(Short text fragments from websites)
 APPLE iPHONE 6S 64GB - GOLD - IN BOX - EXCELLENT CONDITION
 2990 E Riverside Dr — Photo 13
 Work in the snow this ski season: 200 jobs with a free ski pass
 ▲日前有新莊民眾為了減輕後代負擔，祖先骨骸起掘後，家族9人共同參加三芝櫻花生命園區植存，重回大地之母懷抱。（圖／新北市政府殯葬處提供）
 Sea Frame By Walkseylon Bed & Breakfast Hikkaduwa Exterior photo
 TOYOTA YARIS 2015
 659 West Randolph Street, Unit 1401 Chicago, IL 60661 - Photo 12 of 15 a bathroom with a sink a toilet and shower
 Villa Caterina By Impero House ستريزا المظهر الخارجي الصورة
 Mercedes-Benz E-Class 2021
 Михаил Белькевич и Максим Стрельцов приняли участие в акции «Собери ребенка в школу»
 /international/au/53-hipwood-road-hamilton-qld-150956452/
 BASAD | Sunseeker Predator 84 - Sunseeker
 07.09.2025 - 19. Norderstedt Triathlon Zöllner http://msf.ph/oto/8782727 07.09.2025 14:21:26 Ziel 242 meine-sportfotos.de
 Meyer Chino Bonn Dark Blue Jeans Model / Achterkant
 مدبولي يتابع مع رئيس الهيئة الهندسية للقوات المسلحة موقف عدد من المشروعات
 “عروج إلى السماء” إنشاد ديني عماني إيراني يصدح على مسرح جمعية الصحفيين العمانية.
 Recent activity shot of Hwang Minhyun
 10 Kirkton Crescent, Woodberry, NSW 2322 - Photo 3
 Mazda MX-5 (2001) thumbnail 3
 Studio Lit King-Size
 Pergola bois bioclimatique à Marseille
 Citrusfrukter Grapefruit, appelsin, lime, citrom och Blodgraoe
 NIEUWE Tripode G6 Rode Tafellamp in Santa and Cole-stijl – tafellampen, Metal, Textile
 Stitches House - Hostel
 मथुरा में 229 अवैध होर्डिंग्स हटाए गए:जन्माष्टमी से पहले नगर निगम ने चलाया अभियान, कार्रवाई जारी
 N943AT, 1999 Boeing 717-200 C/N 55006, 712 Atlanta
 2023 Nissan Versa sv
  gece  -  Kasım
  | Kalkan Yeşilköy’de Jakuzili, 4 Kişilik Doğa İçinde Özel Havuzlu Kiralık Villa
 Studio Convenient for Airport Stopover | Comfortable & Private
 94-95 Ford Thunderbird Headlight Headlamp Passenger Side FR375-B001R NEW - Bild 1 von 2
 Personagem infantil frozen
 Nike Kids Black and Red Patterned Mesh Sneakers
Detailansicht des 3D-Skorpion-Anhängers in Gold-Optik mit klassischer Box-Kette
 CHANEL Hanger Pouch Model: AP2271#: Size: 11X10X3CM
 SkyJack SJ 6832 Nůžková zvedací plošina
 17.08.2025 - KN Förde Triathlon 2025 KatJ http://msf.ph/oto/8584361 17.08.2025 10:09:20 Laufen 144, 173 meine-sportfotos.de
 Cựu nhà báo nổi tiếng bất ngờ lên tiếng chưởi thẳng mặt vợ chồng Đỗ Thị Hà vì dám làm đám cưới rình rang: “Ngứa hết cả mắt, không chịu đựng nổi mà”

DIRECTIONS -> After counting the lines above that include the word "Size", give only the number.

ANSWER SECTION -> 2